Thursday, September 9, 2010

Lessons from Locke.

    This report was published in Newsweek at August 2008, and was written by Donna Foote, former Newsweek correspondent, author  of ¨Relentless Pursuit, a year in the trenches with Teach for America¨,    published by Knop in April 2008. This is a summary and the title is above.

     TFA is not only the postgrad destinations of choice for many of America`s top college seniors, it`s also a magnet for reform-minded  philanthropists. Despite a battered economy, TFA is on target to raise $110 million in 2008, a 40% hike over the previous year. The number of applicants has spiked to a record high, now 25,000 college senior compete for the privilege of taking one of the toughest jobs on earth.

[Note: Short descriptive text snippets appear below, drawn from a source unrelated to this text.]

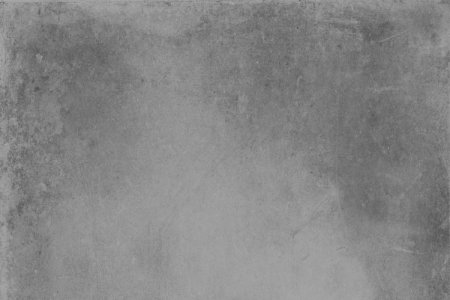 Керамогранит Cerdomus Verve Charcoal Ret 60x60
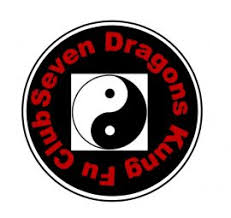 Image result for Dragon Wushu Club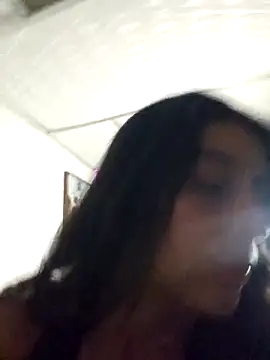 BrittanyDiaz online show from 11/06/25, 09:05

    This summer 3,700 corps members who were carefully culled for their  leadership skills, underwent an intensive five-week crash course in teaching. In a few weeks, they will begin their two-year classroom commitments. They will be assigned to school like Locke high school in Watts, LA, where I spent my year as an embed. At Locke, a school  hemmed  in by competing gangs, 2% of ninth graders  are proficient in algebra, 11% read at grade level. Too many can`t read at all. I learned that when a friend  asked   me to visit the school  months earlier. As I sat in her classroom , she enunciated  the word ¨cat¨. Her embarrassed ninth graders reluctantly repeated the exercise. It was excruciating to watch. When I realized that Locke would be a training site  for TFA, I wondered: What could be learned about how we educate our most impoverished students. Lessons emerged on a daily basis. Some of the most important: The American  system of education  is broken. America has been wrestling with the problem of declining student achievement ever since 1983, when  the government issued the report ¨A nation at risk¨,  which warned  of a rising tide of mediocrity, that threatened our country`s future. Twenty-five years on, the tide is in. At Locke, 1,000 ninth graders were enrolled in 2001, only 30  were eligible to apply to a California state campus. The impact an uneducated populace has on the integrity of the country`s social fabric and the health of the economy can not be underestimated.

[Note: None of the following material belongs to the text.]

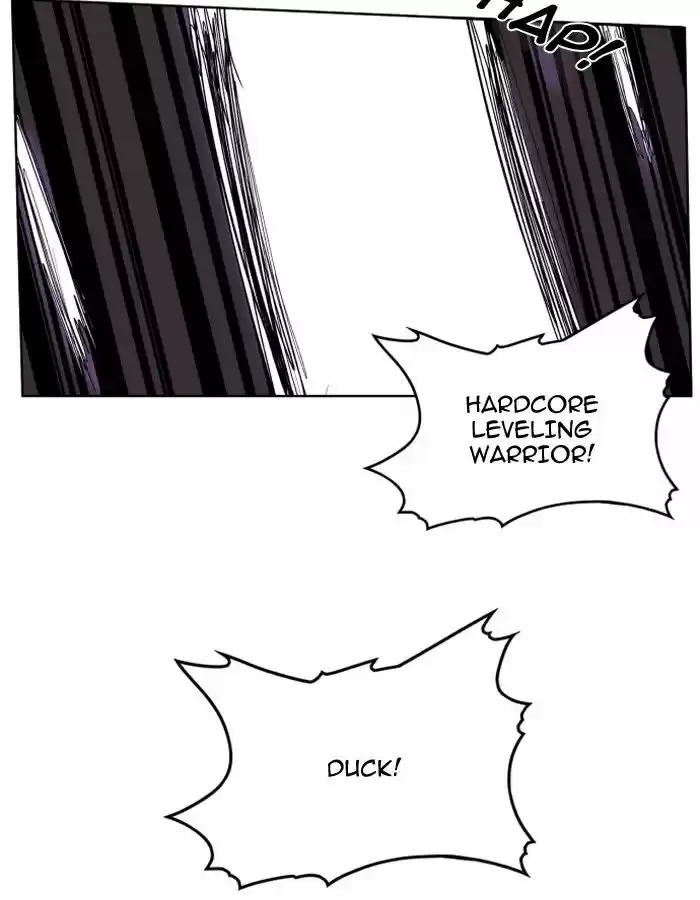 Hardcore Leveling Warrior 93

     We have not effective system to attract, train, retain and promote high-caliber candidates for our schools. Today`s teachers score in the lowest quartile of college grads. But the truth is, up to half of all the country`s teachers bail within five years. Low pay, low status, low satisfaction undoubtelly drive many out. The transformation of teaching into a financially  rewarding profession  with high standards of admission and accountability, would go a long way toward establishing staff stability.